What is needed:
Although the material holds pictures, none belong in the copy; transcribe exactly, and only, the lines from the one with "Blind children anime avocados - TenStickers" through the end.
Start of Recorded data
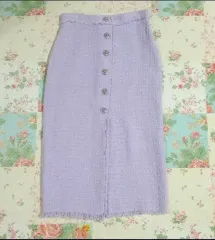 ザラ ツイード ロング スカート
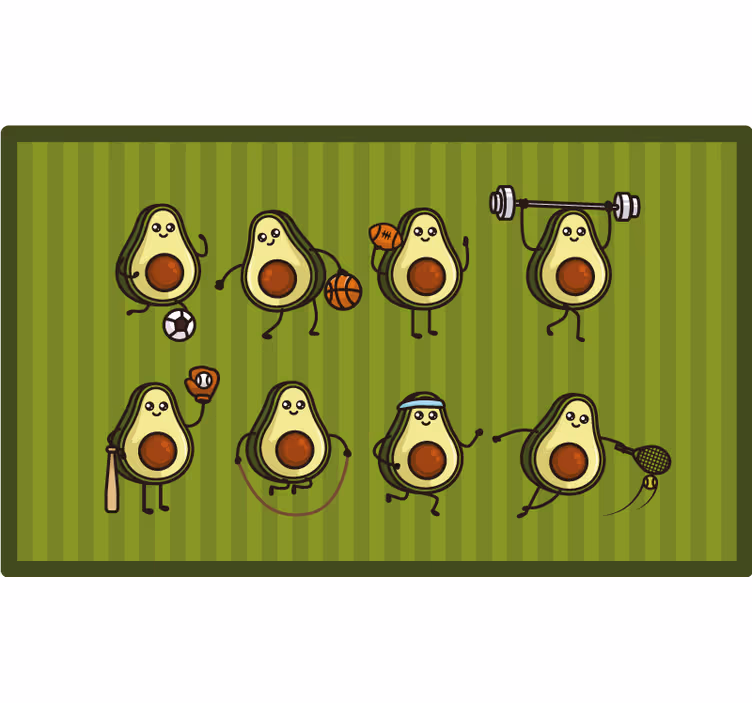 Blind children anime avocados - TenStickers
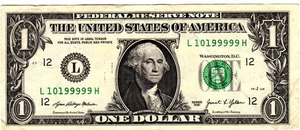 $1 2021 Fancy Serial L10199999H - Picture 1 of 1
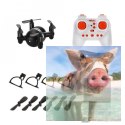 Mini dron X929H (2.4GHz, zasięg 20-30m, żyroskop, zawis, 7.7cm) - Czarny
End of Recorded data
Response area:
 Blind children anime avocados - TenStickers
 $1 2021 Fancy Serial L10199999H - Picture 1 of 1
 Mini dron X929H (2.4GHz, zasięg 20-30m, żyroskop, zawis, 7.7cm) - Czarny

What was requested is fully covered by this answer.